→ **THE INPUT**:
----------

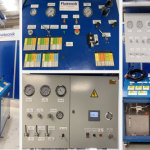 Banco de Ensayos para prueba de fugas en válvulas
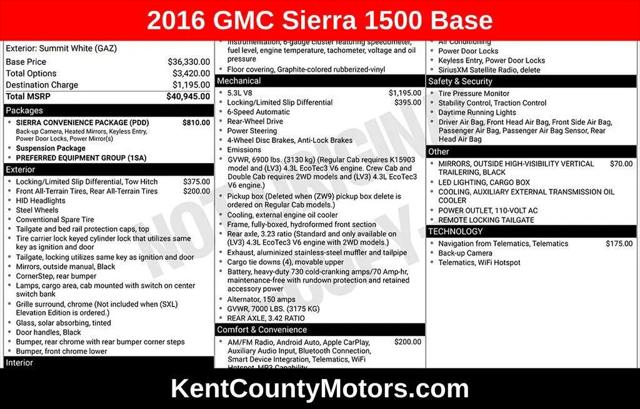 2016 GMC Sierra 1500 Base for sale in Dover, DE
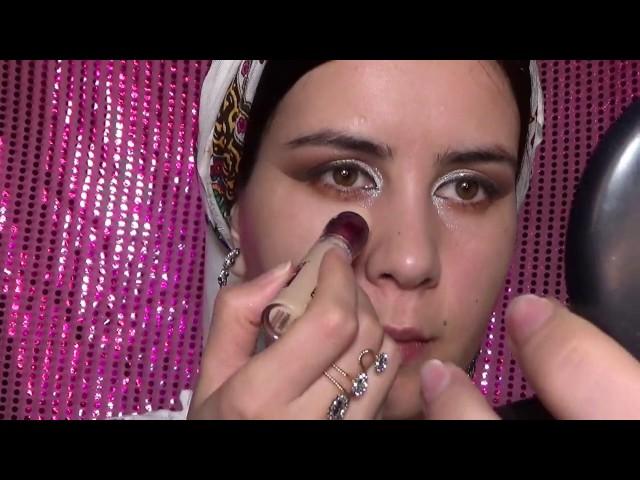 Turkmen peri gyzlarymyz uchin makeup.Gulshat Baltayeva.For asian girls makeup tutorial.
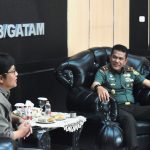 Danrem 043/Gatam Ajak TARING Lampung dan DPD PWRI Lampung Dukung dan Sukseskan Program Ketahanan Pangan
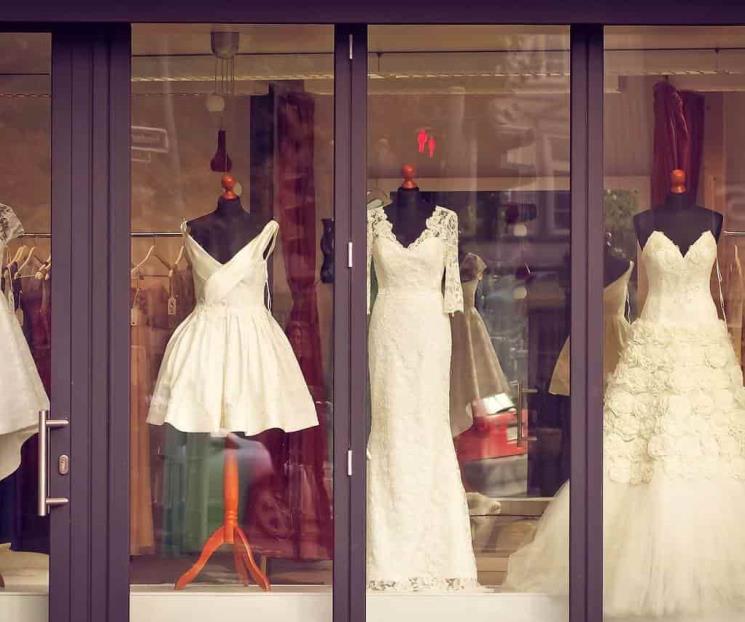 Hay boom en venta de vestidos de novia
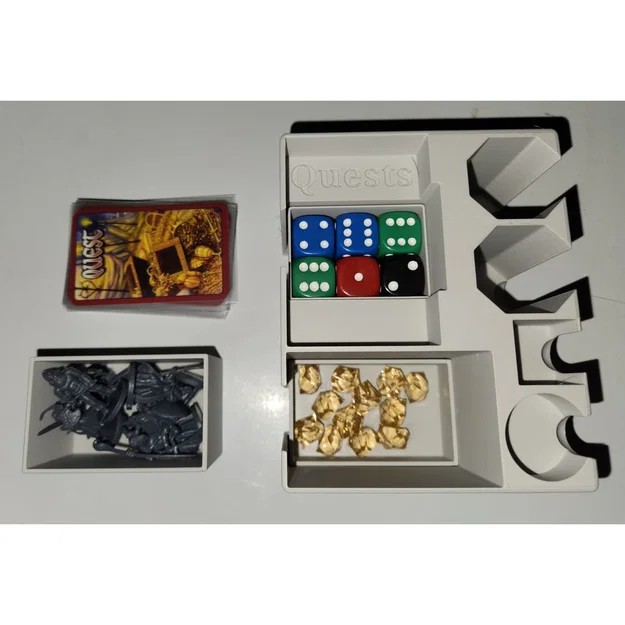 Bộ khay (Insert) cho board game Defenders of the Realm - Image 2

----------

→ **TASK GOAL**:
Although the records contain pictures, transcribe only their text, exactly as written.

→ **EXPECTED OUTPUT**:
 Banco de Ensayos para prueba de fugas en válvulas
 2016 GMC Sierra 1500 Base for sale in Dover, DE
 Turkmen peri gyzlarymyz uchin makeup.Gulshat Baltayeva.For asian girls makeup tutorial.
 Danrem 043/Gatam Ajak TARING Lampung dan DPD PWRI Lampung Dukung dan Sukseskan Program Ketahanan Pangan
 Hay boom en venta de vestidos de novia
 Bộ khay (Insert) cho board game Defenders of the Realm - Image 2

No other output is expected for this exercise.